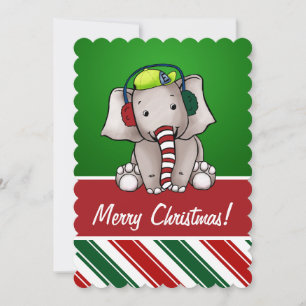 Elephant Christmas Card Einladung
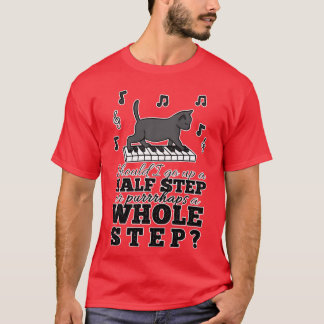 Camiseta Musicheory Cat Pun retro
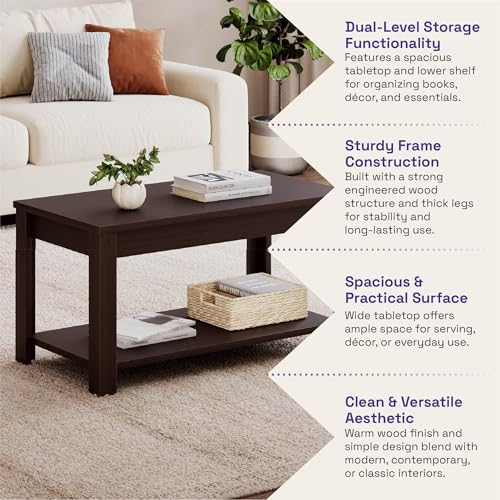 Image of Wakefit Armon Engineered Wood Coffee Table - Wenge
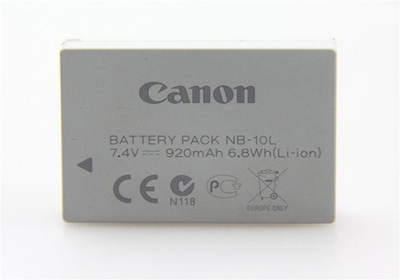 佳能nb-10l相机电池适用于佳能相机g1x g3x g15 g16 sx40 sx50hs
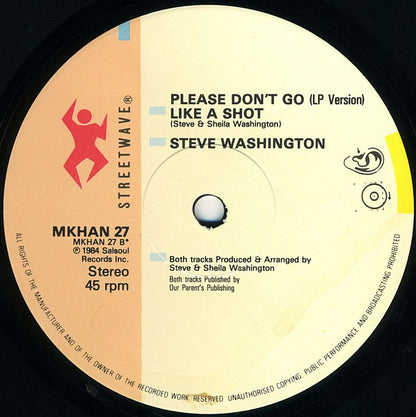 Stephen C. Washington : Please Don't Go (12")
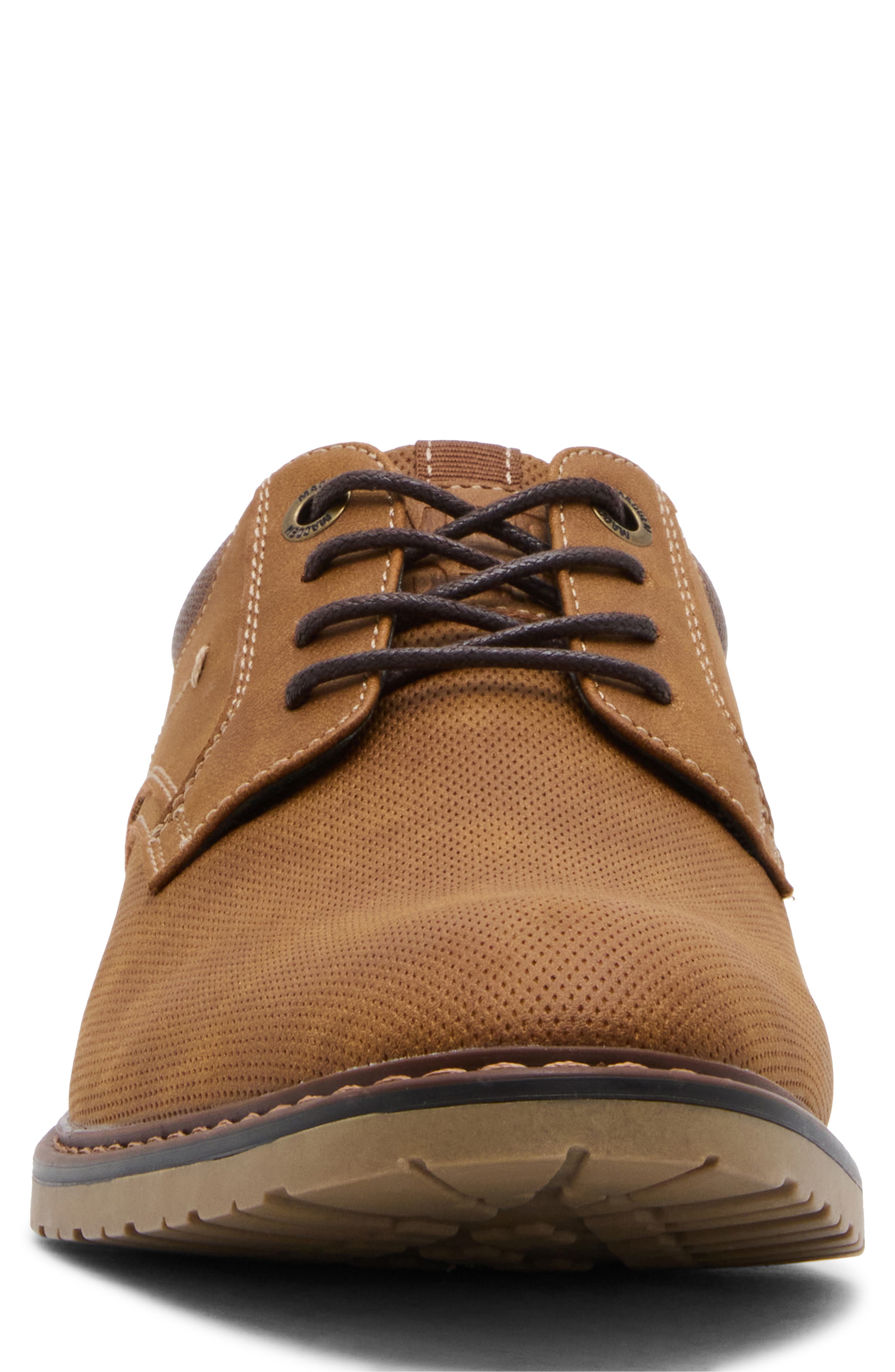 Mraskall Plain Toe Derby, Alternate, color, COGNAC NUBUCK PU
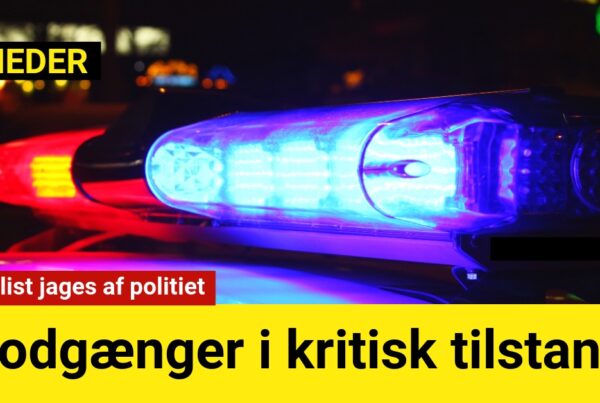 Flugtbilist jages af politiet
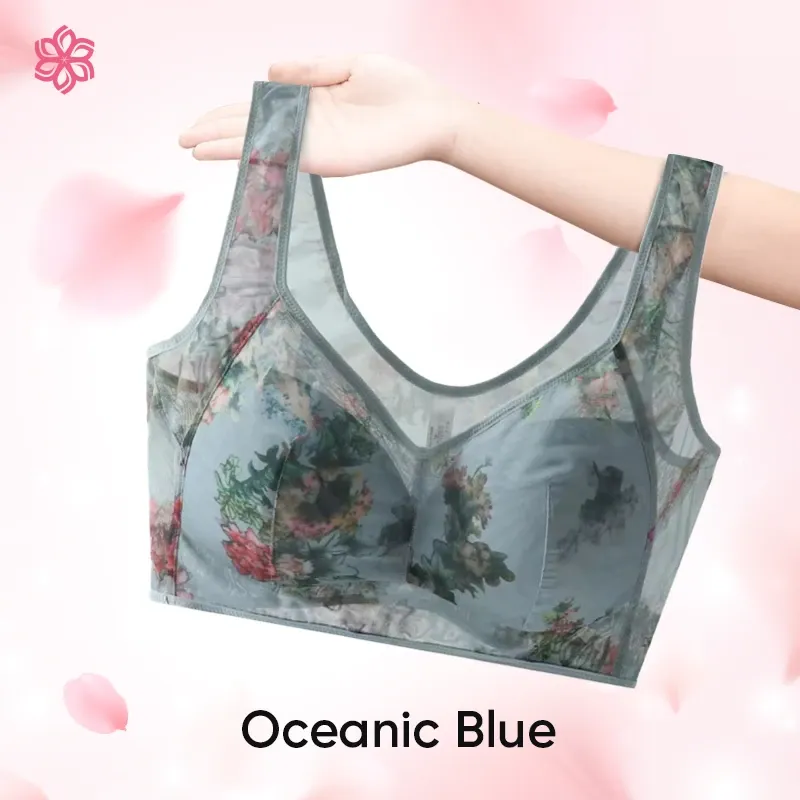 💕BUY 1 GET 3 Packs🏆ElleBloom - Ice Silk Lace Cooling Comfort Bra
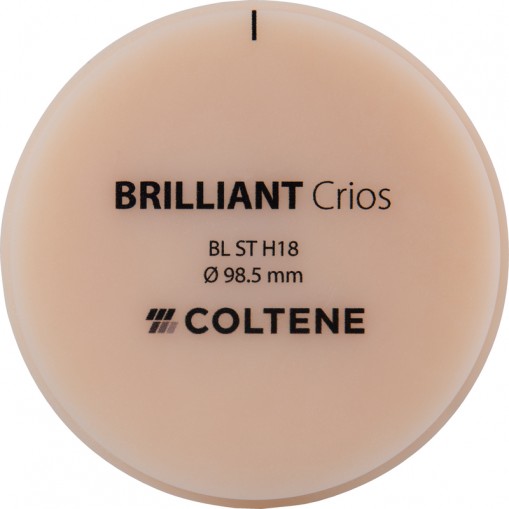 Disc compozit CAD/CAM Brilliant Crios ST H18 Bleach 98.5 x 18mm Coltene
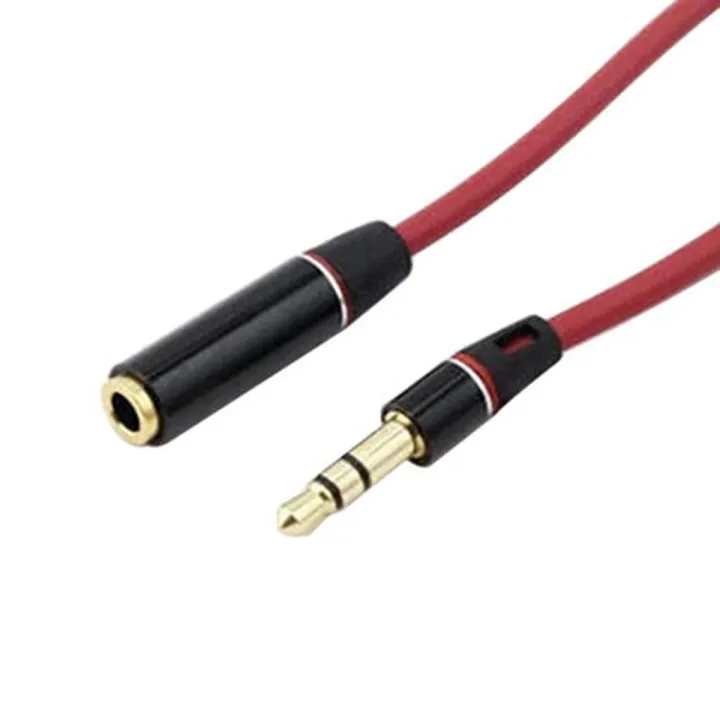 Red%203.5mm%20Male%20to%20Female%20Headphone%20Extension%20Cable%203.5mm%20Aux%20Cable%20Audio%20Extender%20Cord%20for%20Computer%20-%20Image%203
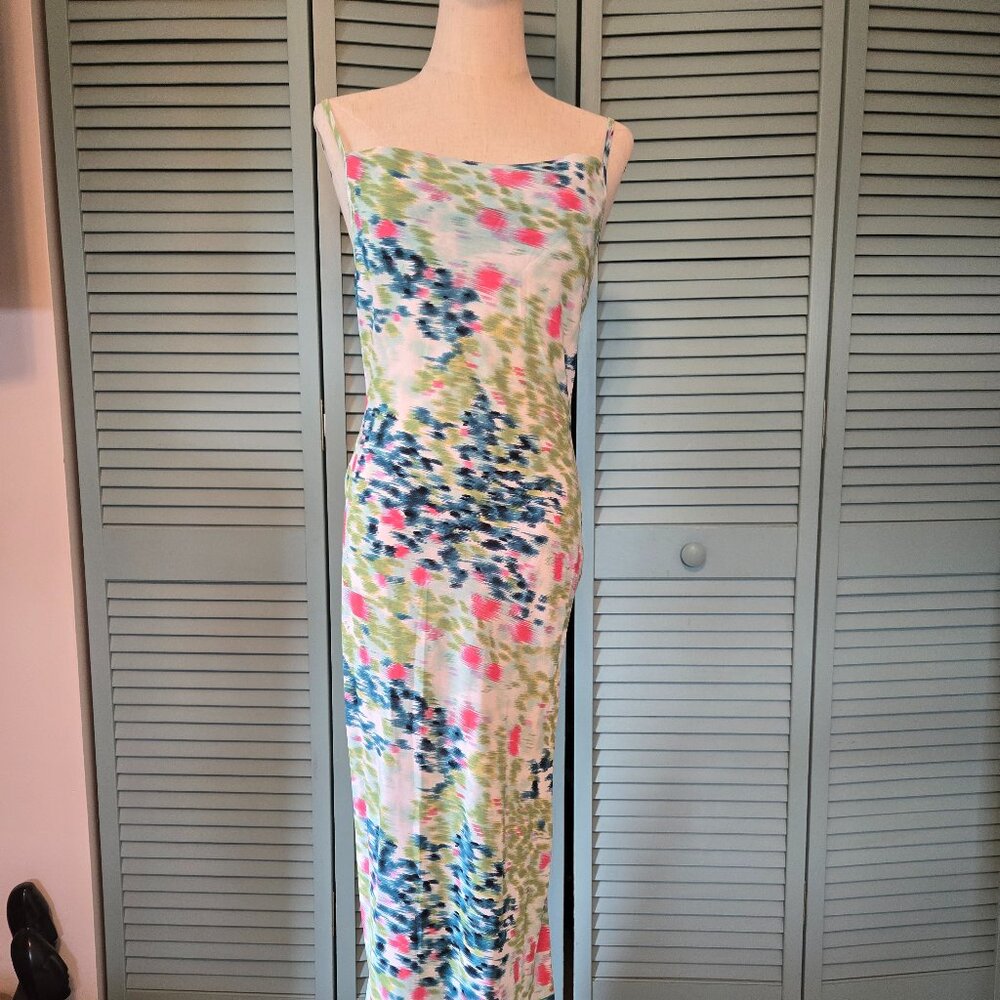 Nasty Gal Spaghetti strap Cowl neck Backless Floor length dress Size 6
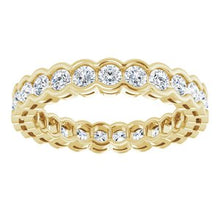 Load image into Gallery viewer, 14K Yellow 1 1/5 CTW Diamond Eternity Band
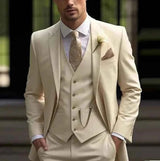 Anzüge Herren Hochzeit – Beige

────────────────────────────────────────

WHAT IS BEING ASKED
Give the data back exactly, omitting all pictures.

REPLY
 Elephant Christmas Card Einladung
 Camiseta Musicheory Cat Pun retro
 Image of Wakefit Armon Engineered Wood Coffee Table - Wenge
 佳能nb-10l相机电池适用于佳能相机g1x g3x g15 g16 sx40 sx50hs
 Stephen C. Washington : Please Don't Go (12")
 Mraskall Plain Toe Derby, Alternate, color, COGNAC NUBUCK PU
 Flugtbilist jages af politiet
 💕BUY 1 GET 3 Packs🏆ElleBloom - Ice Silk Lace Cooling Comfort Bra
 Disc compozit CAD/CAM Brilliant Crios ST H18 Bleach 98.5 x 18mm Coltene
 Red%203.5mm%20Male%20to%20Female%20Headphone%20Extension%20Cable%203.5mm%20Aux%20Cable%20Audio%20Extender%20Cord%20for%20Computer%20-%20Image%203
 Nasty Gal Spaghetti strap Cowl neck Backless Floor length dress Size 6
 Load image into Gallery viewer, 14K Yellow 1 1/5 CTW Diamond Eternity Band
 Anzüge Herren Hochzeit – Beige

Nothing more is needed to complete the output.